EXERCISE GOAL> Reproduce exactly the lines of the material beneath, from the line that contains "Bismah Maroof steps" to the line that contains "Jack Daniel's Blackberry Whisky 0.7L", both included, and no other lines.

DATA SHOWN>
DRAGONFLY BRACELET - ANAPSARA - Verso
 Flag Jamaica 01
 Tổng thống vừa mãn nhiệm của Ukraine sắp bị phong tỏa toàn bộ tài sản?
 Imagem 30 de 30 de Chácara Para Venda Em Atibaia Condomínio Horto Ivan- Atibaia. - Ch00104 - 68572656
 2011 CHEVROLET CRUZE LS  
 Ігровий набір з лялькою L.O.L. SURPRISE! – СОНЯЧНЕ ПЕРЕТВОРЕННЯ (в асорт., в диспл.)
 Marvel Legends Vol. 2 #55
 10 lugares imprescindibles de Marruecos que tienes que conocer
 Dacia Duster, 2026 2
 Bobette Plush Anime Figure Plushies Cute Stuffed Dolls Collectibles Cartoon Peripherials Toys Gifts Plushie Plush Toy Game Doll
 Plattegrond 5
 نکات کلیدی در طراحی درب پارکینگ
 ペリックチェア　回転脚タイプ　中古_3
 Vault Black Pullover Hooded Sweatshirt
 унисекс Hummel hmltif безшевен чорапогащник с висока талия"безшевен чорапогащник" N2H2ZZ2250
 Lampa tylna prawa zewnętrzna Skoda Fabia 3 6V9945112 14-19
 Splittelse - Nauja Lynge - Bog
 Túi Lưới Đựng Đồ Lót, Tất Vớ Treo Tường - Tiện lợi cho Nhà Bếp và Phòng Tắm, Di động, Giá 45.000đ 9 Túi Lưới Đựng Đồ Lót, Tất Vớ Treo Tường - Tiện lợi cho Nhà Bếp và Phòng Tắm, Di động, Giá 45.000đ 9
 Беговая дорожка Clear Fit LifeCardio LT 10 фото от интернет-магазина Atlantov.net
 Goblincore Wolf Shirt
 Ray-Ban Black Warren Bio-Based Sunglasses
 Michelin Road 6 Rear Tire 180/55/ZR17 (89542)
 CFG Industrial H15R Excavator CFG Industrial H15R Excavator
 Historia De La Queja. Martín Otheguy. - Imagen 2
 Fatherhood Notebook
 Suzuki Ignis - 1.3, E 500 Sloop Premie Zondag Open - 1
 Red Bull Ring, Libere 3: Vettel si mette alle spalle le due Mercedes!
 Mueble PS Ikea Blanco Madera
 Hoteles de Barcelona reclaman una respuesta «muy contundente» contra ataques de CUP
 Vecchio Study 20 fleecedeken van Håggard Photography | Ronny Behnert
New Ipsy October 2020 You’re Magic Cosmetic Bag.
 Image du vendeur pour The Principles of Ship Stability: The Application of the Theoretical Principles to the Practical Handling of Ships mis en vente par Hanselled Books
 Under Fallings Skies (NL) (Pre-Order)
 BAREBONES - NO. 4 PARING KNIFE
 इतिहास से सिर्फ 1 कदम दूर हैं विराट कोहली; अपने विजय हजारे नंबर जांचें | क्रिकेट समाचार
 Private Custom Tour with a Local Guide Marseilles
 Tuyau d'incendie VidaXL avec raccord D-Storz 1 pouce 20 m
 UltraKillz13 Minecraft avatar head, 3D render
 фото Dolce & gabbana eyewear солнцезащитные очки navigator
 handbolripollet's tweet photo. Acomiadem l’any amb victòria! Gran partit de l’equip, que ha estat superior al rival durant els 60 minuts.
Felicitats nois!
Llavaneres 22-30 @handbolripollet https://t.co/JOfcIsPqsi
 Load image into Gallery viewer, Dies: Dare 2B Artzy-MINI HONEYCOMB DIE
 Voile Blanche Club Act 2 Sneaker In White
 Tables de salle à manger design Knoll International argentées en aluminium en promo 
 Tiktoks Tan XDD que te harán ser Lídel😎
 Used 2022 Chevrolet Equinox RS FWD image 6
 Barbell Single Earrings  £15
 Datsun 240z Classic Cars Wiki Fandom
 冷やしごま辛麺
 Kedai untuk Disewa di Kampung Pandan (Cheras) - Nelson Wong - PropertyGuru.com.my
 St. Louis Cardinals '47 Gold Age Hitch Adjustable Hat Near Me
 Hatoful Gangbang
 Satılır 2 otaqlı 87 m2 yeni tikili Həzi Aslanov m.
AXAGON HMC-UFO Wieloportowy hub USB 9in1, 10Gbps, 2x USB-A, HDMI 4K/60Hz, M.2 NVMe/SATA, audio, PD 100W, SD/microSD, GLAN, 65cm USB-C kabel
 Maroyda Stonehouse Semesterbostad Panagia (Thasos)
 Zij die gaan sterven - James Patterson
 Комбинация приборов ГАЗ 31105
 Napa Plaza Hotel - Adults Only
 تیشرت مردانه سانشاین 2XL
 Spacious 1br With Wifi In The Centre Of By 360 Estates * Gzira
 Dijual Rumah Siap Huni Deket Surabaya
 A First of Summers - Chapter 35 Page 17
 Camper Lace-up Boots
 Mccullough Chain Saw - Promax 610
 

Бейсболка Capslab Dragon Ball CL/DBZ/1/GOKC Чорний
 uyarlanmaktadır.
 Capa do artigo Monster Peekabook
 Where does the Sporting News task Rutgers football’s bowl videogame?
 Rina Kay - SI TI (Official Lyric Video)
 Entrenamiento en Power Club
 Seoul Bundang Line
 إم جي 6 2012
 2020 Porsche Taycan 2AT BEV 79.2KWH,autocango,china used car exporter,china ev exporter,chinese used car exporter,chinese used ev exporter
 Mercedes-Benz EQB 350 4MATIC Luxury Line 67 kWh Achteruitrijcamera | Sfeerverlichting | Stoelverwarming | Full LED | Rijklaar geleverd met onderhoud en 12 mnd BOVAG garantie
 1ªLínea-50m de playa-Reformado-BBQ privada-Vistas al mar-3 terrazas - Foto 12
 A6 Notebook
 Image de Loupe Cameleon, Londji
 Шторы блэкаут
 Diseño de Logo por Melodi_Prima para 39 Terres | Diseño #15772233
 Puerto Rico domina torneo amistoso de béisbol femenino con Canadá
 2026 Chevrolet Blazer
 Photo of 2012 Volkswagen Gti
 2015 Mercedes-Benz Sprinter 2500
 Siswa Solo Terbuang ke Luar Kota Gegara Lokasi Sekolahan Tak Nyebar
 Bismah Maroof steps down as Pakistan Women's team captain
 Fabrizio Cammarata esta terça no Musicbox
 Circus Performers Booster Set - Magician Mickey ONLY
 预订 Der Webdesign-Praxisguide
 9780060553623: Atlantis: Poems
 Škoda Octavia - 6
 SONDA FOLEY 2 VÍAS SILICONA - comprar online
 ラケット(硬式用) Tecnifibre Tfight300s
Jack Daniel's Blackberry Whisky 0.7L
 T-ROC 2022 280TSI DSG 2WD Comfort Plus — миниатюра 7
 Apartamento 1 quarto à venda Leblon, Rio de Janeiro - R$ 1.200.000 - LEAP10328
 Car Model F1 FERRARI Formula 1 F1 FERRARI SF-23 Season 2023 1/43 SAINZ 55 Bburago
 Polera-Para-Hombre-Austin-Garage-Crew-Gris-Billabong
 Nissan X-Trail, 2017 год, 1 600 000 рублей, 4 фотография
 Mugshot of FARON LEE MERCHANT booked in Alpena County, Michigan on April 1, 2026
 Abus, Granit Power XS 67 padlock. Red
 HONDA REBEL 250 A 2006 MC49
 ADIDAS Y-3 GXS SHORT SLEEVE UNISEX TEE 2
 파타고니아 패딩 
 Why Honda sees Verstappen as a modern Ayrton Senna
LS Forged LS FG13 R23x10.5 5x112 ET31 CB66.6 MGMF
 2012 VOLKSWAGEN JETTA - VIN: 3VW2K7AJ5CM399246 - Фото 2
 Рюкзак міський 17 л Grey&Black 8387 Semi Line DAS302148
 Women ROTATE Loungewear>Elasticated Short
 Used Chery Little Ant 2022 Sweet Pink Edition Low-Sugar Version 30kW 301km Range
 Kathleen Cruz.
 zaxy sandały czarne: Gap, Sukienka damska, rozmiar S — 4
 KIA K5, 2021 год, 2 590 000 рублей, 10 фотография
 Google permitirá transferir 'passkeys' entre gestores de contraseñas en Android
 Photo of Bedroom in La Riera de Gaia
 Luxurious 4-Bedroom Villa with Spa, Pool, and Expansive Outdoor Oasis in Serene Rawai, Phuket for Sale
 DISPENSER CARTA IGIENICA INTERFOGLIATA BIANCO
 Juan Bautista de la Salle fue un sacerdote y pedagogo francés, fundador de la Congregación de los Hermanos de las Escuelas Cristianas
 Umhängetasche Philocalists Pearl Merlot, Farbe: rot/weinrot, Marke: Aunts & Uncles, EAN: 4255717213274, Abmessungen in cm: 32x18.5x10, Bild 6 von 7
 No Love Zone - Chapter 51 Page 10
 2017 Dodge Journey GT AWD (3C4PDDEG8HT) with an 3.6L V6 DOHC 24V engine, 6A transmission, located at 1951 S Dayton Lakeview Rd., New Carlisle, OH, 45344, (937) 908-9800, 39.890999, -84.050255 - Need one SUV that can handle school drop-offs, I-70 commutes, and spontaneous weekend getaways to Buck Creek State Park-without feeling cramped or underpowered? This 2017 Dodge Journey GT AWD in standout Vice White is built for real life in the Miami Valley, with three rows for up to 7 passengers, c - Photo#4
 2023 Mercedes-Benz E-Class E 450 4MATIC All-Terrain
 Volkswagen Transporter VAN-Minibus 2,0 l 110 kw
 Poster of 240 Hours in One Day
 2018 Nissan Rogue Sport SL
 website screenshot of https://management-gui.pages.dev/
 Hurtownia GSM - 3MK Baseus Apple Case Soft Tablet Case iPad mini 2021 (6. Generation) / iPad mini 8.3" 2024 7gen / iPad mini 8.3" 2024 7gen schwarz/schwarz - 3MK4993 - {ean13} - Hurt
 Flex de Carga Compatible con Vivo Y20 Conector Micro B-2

ANSWER FOR THIS EXERCISE>
 Bismah Maroof steps down as Pakistan Women's team captain
 Fabrizio Cammarata esta terça no Musicbox
 Circus Performers Booster Set - Magician Mickey ONLY
 预订 Der Webdesign-Praxisguide
 9780060553623: Atlantis: Poems
 Škoda Octavia - 6
 SONDA FOLEY 2 VÍAS SILICONA - comprar online
 ラケット(硬式用) Tecnifibre Tfight300s
Jack Daniel's Blackberry Whisky 0.7L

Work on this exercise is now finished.